Task statement:
The data below should be restated word for word, with every picture omitted.

Data:
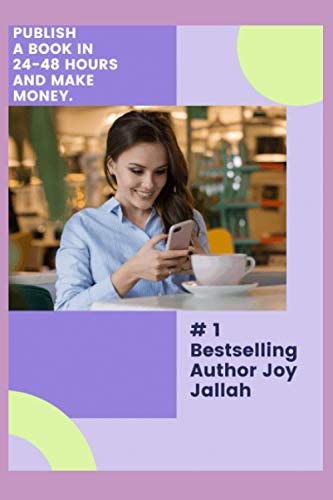 Publish a Book in 24-48 Hours and Make Money.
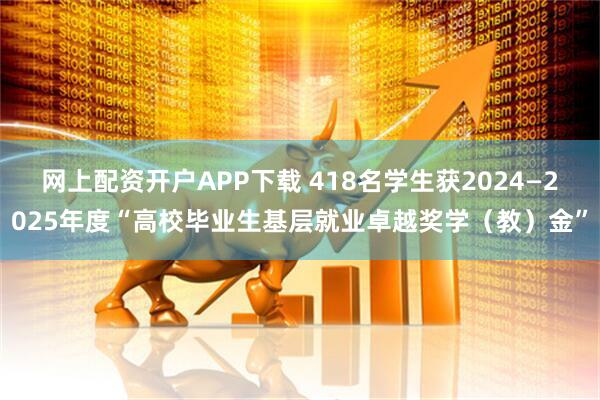 网上配资开户APP下载 418名学生获2024—2025年度“高校毕业生基层就业卓越奖学(教)金”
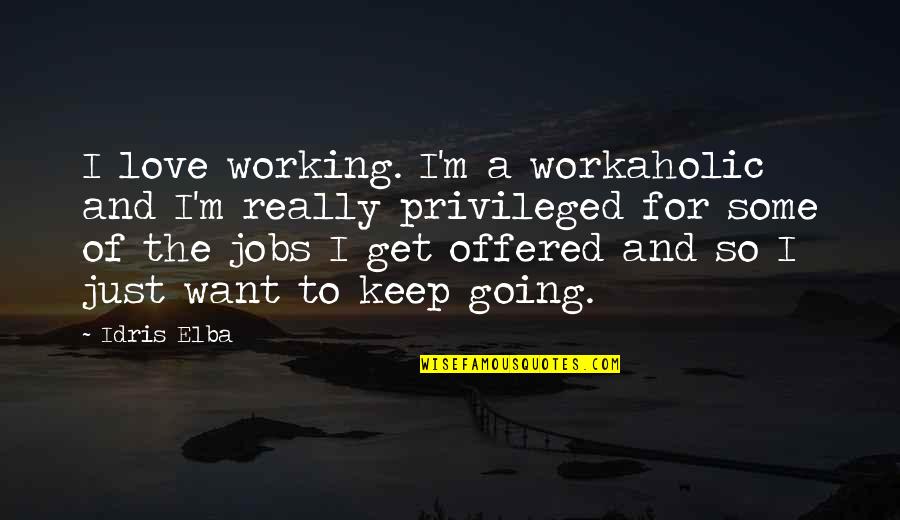 Just Keep Going Quotes By Idris Elba: I love working. I'm a workaholic and I'm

Result below:
 Publish a Book in 24-48 Hours and Make Money.
 网上配资开户APP下载 418名学生获2024—2025年度“高校毕业生基层就业卓越奖学(教)金”
 Just Keep Going Quotes By Idris Elba: I love working. I'm a workaholic and I'm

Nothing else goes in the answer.